Vor einem halben Jahr beging der Torwart Robert Enke Selbstmord. Damals glaubte man Anzeichen dafür zu erkennen, dass Depression nicht länger ein Tabu-Thema unter Fußballprofis ist. Aber der Fußball ist schnelllebig.

Von Klaus Deuse | 22.05.2010
    Robert Enke war lange vor der WM die gesetzte Nummer eins im Tor der Nationalmannschaft. Sein Selbstmord vor einem halben Jahr löste Betroffenheit aus. Daran, dass im bezahlten Fußball ein enormer Erfolgsdruck auf den Spielern lastet, besteht kein Zweifel. Doch nicht jeder Profi ist dieser Belastung gewachsen. Schon vor Robert Enkes Tod, bestätigt Ulf Baranowsky, der Geschäftsführer der Vereinigung der Vertragsfußballspieler (VdV), bestand ein beachtlicher Beratungsbedarf.

    "Wir als VdV bieten ja auch schon seit vielen Jahren über Partner psychologische und seelsorgerische Betreuung an. Direkt im Zusammenhang mit dem tragischen Tod von Robert Enke ist die Zahl der Anfragen natürlich in die Höhe geschossen."

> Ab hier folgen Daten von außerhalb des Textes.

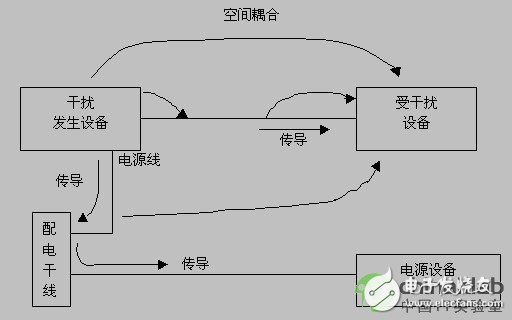 高速设计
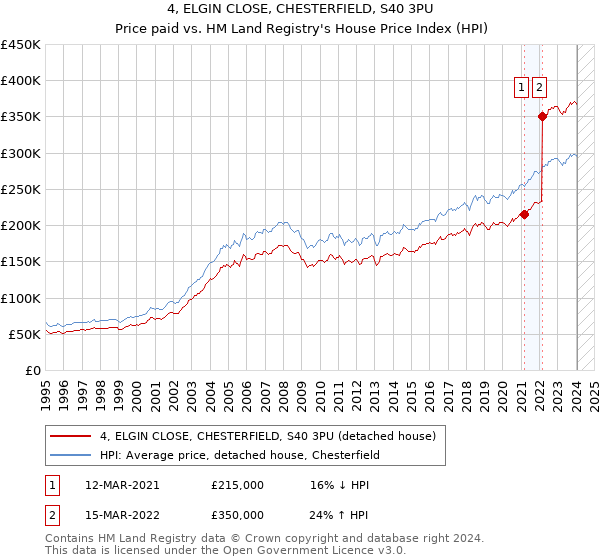 4, ELGIN CLOSE, CHESTERFIELD, S40 3PU: Price paid vs HM Land Registry's House Price Index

    Wer in den Stadien und vor den Fernsehkameras quasi unter ständiger öffentlicher Beobachtung steht, darf keine Schwächen zeigen. Schon gar keine seelischen, denn in der Ballbranche lautet die Devise: Auf dem Platz stehen nur ganze Kerle. Darum haben sich nach dem Tod von Robert Enke mehr als zwei Dutzend Kicker ratsuchend nicht an ihre Vereine, sondern an die Spielergewerkschaft gewandt. Ulf Baranowsky:

    "Ich denke mal, wenn man das Ganze hochrechnet, kann man sagen, dass zehn Prozent der Spieler sicherlich Hilfsbedarf anmeldet und auch Hilfe in Anspruch nimmt."

    Eine Zahl, die der im Liga-Geschäft erfahrene Diplom-Psychologe Stephan Graw in Relation zur Gesamtgesellschaft nicht für nicht zu hoch gegriffen hält.

    "Da gibt es eben im Bereich Depressionen Schätzungen, die teilweise sogar bis zu 20 Prozent gehen. Insofern ist es keine überraschende Zahl."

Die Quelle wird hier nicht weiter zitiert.